As with “Does it work out of the box?” the platforms that can best answer the question “Did it lead to actual sales?” will serve marketers in a recession better than solutions that look like money pits to CFOs.
Three: Marketers Will Need Risk-free SaaS Pricing
Ad tech has always touted “pay as you go” SaaS pricing, but CMOs and ad tech sales executives know this isn’t entirely true (often for perfectly good reasons). As marketing budgets fall, many of the pricing hurdles set by ad tech platforms will have to come down. Marketers will have smaller budgets and scant appetite for financial risk.
Pricing can be considered along many dimensions, including startup costs, recurring overhead costs, contract terms, and minimums. Outcome- or performance-based pricing is also going to start looking relatively more attractive too. I don’t think this begs a wholesale shift over to pay-per-click (PPC), but when outcomes can be natively baked into an ad tech offering, it really minimizes the risk marketers are taking with their spend.

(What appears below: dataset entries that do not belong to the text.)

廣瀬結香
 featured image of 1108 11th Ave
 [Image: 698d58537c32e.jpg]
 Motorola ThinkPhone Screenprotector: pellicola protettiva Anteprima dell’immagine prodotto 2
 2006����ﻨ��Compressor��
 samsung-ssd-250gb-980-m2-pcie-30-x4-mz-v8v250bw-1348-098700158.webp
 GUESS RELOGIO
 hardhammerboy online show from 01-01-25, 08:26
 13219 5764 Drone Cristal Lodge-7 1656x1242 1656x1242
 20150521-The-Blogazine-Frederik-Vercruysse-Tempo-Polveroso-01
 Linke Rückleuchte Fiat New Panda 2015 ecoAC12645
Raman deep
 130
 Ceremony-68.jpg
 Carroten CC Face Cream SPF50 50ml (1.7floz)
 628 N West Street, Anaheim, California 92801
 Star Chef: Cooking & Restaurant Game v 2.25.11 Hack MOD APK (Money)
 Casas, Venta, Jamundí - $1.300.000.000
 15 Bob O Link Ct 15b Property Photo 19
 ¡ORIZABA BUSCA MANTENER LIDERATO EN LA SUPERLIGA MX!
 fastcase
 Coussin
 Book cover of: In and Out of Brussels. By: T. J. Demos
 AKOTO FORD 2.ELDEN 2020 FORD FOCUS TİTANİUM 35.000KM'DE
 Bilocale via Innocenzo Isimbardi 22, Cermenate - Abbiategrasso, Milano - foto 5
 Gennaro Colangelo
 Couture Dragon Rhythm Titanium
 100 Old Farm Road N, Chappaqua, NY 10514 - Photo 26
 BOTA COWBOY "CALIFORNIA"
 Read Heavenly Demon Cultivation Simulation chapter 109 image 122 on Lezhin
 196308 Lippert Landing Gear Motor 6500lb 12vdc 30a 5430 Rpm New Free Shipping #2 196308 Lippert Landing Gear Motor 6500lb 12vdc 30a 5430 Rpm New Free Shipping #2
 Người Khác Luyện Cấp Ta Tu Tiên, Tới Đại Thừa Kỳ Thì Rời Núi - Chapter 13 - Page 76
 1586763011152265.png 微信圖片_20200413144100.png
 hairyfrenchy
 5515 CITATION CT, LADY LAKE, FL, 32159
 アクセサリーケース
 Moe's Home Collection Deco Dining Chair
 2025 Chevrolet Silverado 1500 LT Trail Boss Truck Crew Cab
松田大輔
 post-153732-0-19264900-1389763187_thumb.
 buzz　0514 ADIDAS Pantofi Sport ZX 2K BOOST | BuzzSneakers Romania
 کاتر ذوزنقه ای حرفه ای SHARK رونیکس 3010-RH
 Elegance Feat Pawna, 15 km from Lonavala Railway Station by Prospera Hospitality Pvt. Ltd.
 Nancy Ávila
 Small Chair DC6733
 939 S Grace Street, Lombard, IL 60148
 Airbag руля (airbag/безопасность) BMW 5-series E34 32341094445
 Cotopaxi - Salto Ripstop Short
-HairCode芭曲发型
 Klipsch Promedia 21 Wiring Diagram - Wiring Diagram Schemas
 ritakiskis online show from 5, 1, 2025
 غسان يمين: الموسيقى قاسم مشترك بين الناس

Savvy, cost-conscious marketers should keep an eye out for ad tech pricing and performance models that better reflect the realities of a recession.
Cue the Bean-counters
The three ideas above basically serve as inputs to Return on Investment (ROI) and Total Cost of Ownership (TCO) models that marketers can use to get the resources they need in a recession (and that ad tech product managers can use to stay competitive). Financial models and cost justifications aren’t very exciting, but then again, as ad tech has matured into a form of enterprise software, it was already on a path to existing very much at the pleasure of CFOs.
With any luck, this period of both marketers and their ad tech partners groveling to bean-counters will be short-lived and we can all get back to enjoying more Good Times. Keeping my fingers crossed for everyone.